On May 3, the Tablas Creek Vineyard in rural west Paso Robles threw a party to mark three decades of progress since the founding, with members of the Haas family still involved in daily operations and Jean-Pierre Perrin visiting for the week. Around 350 of their friends and neighbors were also invited.
Bob Haas passed away in 2018, shortly before what would have been his 91st birthday, but his son Jason Haas who’s taken over proprietorship noted just how much had changed in the days since his father and business partners took the risk to find an American home for the Rhône varietals.
With 200-some wineries now in Paso Robles, there were only 17 in the late 1980s and their Vineyard Drive destination tasting room only had two neighbors.
“Dad was a wine importer first,” Jason explained, noting the longstanding relationship with the Perrins and the decision to create a local source for the products led them to innovate in the hot and dry climate, adopting techniques that other vintners turn to as a guide, “These were already the most drought-tolerant grapes from France, so dry farming, placing the vines further apart to really make use of the soil, that’s all key and only becomes more important over time.”
In the days before the party, Jean-Pierre Perrin went straight to spend time in the blending lab with Tablas winemaker Neil Collins — that is, as soon as he’d recovered from the rigors of international travel.
“Balancing the powerful character with finesse,” is key he said, adding that there was nothing particularly French about his tastes or style but, “it is my tastes. A winemaker has to pay attention to their own palate...to create for others.”
They may be celebrating 30 years, but their search for a unique location to start what turned into Tablas Creek started with visits some 42 years ago, he said. Once they’d made the decision to take the time waiting for grapes to pass quarantine, they searched for the right planting site, “Everywhere from Sierra Nevada to Texas.”
While the climate here wasn’t an exact match for the Rhône, limestone was, if not the decider, “in my opinion a very important factor for the wines,” Perrin added.
Since establishing the kind of winery and vineyard they wanted the cultural importance and unique contributions of Tablas to the area also become apparent.
Jason Haas pointed out family friends and owners of the Paso Terra Seafood restaurant, André and Cristina Averseng.
Aside from affection for the Haas family and the four particular Tablas Creek vintages they maintain at the restaurant, Cristina Averseng credited the vineyard for their moving to Paso Robles several years ago, “for André I think it was instant that it was finding a slice of home,” she said.
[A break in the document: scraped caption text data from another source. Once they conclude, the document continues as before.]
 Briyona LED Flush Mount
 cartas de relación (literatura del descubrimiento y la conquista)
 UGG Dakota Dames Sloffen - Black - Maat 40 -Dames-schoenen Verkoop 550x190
Chef André added, “It’s the vegetation, the soil here, the rosemary, and olives. I’m just lucky my wife wanted to be here, too.”
Barbara Haas, who now splits her time between Vermont and California’s Central Coast reminisced that the charm now so apparent on a visit wasn’t obvious to customers of the label at first, “It was actually a hard sell at first because we didn’t fit into the slots people built [in their minds], we spent a lot of time explaining our French connection.”
Even inside the U.S. she said, people assumed Napa when they heard California.
“Looking back now it was a fabulous adventure, like we grabbed a tiger by the tail,” and while she’s happy about the success of their wines, “now days when I come out here I think most about our stewardship of this land. That makes me proud.”